**Task objective**:
Once the pictures are set aside, copy the data below exactly as it stands.

*-*-*

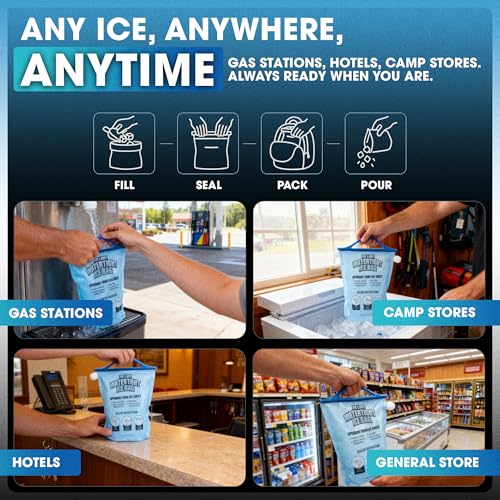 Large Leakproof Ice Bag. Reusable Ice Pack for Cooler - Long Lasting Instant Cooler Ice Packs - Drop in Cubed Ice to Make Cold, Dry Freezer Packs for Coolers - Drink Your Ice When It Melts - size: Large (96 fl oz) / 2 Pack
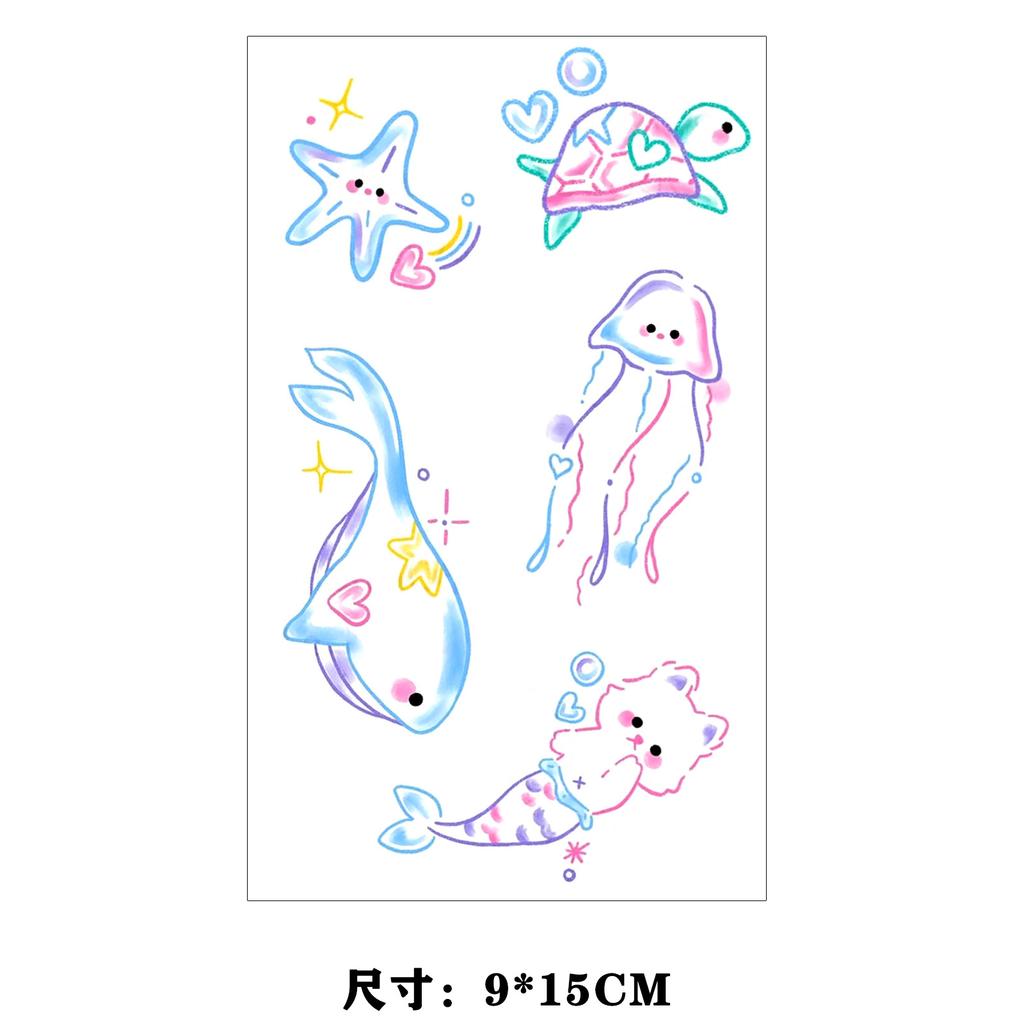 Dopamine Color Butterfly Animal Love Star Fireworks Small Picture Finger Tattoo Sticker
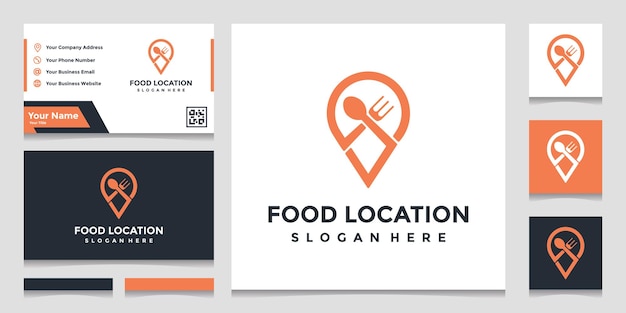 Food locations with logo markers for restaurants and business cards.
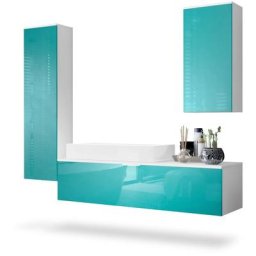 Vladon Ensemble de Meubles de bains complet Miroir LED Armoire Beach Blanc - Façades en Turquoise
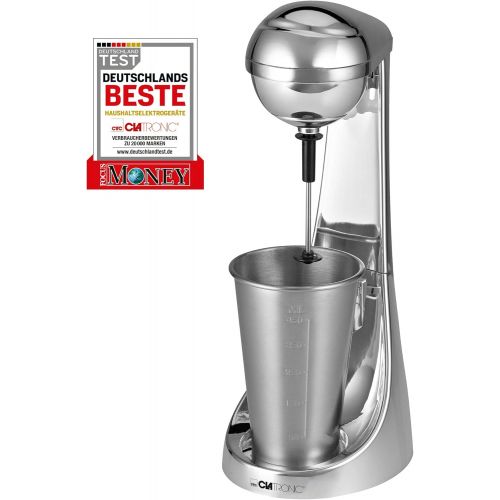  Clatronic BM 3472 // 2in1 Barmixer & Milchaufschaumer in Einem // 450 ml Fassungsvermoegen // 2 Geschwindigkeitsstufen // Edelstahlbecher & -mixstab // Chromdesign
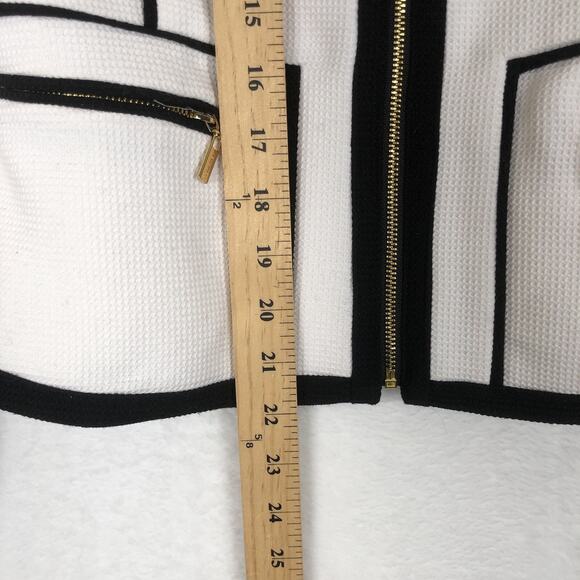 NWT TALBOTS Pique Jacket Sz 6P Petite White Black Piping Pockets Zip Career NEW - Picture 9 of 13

*-*-*

**Solved exercise**:
 Large Leakproof Ice Bag. Reusable Ice Pack for Cooler - Long Lasting Instant Cooler Ice Packs - Drop in Cubed Ice to Make Cold, Dry Freezer Packs for Coolers - Drink Your Ice When It Melts - size: Large (96 fl oz) / 2 Pack
 Dopamine Color Butterfly Animal Love Star Fireworks Small Picture Finger Tattoo Sticker
 Food locations with logo markers for restaurants and business cards.
 Vladon Ensemble de Meubles de bains complet Miroir LED Armoire Beach Blanc - Façades en Turquoise
  Clatronic BM 3472 // 2in1 Barmixer & Milchaufschaumer in Einem // 450 ml Fassungsvermoegen // 2 Geschwindigkeitsstufen // Edelstahlbecher & -mixstab // Chromdesign
 NWT TALBOTS Pique Jacket Sz 6P Petite White Black Piping Pockets Zip Career NEW - Picture 9 of 13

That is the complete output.